One final annoying edge case:
I’m having trouble understanding the sense Andres means, and whether it corresponds to our intuitive sense. But suppose Andres just literally means to claim that he can see seven-dimensional objects on DMT, and that he isn’t consciously lying. I find I still don’t believe him. Psychedelic trips seem to be a weird edge case; it seems easy to imagine that Andres saw eg a series of wavy lines, and then his drug-addled brain told him “It’s a seven-dimensional object! Amazing!” This seems no worse than somebody on drugs scrawling “JOY = JUSTICE * LOVE” or something on a blackboard and believing that it they’ve discovered the fundamental truth of the universe, which seems like a pretty common experience.

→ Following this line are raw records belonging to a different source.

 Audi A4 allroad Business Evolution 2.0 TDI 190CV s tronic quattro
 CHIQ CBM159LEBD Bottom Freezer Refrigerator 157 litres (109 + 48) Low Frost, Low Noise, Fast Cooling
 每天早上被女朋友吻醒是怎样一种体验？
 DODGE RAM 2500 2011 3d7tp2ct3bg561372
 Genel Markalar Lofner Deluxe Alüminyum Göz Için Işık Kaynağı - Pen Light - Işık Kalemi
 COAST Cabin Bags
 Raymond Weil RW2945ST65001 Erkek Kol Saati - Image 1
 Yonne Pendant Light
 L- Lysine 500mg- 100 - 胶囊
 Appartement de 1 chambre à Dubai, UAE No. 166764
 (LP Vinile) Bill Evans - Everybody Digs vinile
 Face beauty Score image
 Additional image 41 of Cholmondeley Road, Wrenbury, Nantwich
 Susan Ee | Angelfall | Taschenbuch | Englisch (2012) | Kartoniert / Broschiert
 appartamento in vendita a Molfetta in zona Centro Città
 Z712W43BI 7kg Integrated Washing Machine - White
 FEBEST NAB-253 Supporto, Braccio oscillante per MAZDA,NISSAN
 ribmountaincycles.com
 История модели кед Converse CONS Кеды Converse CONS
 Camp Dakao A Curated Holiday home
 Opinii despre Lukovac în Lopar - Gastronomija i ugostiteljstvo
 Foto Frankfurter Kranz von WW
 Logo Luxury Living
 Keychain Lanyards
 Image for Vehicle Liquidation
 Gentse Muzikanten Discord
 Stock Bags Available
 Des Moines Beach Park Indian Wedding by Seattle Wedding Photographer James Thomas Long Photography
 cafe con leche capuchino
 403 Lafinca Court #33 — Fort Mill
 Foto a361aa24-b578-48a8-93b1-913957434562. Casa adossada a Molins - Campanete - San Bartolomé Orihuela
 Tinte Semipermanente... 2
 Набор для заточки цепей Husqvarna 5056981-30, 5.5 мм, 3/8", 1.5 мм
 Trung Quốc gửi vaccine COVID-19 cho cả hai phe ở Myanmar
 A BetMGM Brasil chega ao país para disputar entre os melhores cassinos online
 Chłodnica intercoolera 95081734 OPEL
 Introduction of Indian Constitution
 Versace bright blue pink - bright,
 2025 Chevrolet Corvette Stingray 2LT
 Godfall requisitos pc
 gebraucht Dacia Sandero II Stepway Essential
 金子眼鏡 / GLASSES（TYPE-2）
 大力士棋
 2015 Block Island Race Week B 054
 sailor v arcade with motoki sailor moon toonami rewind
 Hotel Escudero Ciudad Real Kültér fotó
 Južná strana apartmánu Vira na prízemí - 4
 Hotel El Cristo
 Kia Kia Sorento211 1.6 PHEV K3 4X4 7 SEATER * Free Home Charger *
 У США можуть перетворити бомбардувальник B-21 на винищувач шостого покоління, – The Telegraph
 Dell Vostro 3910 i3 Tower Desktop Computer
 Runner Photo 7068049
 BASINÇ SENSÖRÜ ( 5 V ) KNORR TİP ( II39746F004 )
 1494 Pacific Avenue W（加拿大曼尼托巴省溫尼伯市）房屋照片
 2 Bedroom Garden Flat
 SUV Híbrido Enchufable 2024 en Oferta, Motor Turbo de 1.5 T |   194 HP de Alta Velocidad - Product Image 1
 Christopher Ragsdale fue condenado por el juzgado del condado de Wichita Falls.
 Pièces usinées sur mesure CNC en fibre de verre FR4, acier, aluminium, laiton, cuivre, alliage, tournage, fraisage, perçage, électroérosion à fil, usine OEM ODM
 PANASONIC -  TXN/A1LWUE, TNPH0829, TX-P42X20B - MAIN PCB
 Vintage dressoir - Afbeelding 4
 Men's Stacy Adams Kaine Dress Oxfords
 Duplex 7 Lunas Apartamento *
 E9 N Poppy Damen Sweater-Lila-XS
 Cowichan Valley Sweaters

Can we apply the tautological solution here? Say something like “Andres is faithfully reporting the real experience of believing he sees a 7 dimensional object, even though this might not correspond to anything in the real world?”
I think the problem here is a sort of homunculus fallacy, where I feel like there ought to be some specific “experiencer” in the brain, with a bunch of algorithms and filters feeding stuff to the experiencer, and although the experiencer might be deceived about the world (when the algorithms and filters get things wrong), it cannot be deceived about its experience (since by definition it has direct unmediated access to that; if it didn’t, the content wouldn’t be experience, just another algorithm or filter).
But I’m also nervous rejecting that fallacy! If I’m bouncing off the walls with happiness, and I say “I’m happy”, and someone else says “No you’re not, you just think you are”, and I say “Well, it’s possible that fundamentally all happiness is an illusion, but I’m definitely experiencing the normal type of illusory happiness right now, it’s pretty vivid and intense”, and they say “No, you’re wrong about that”, I still feel like they’re making some kind of weird type error. Can’t justify it, though.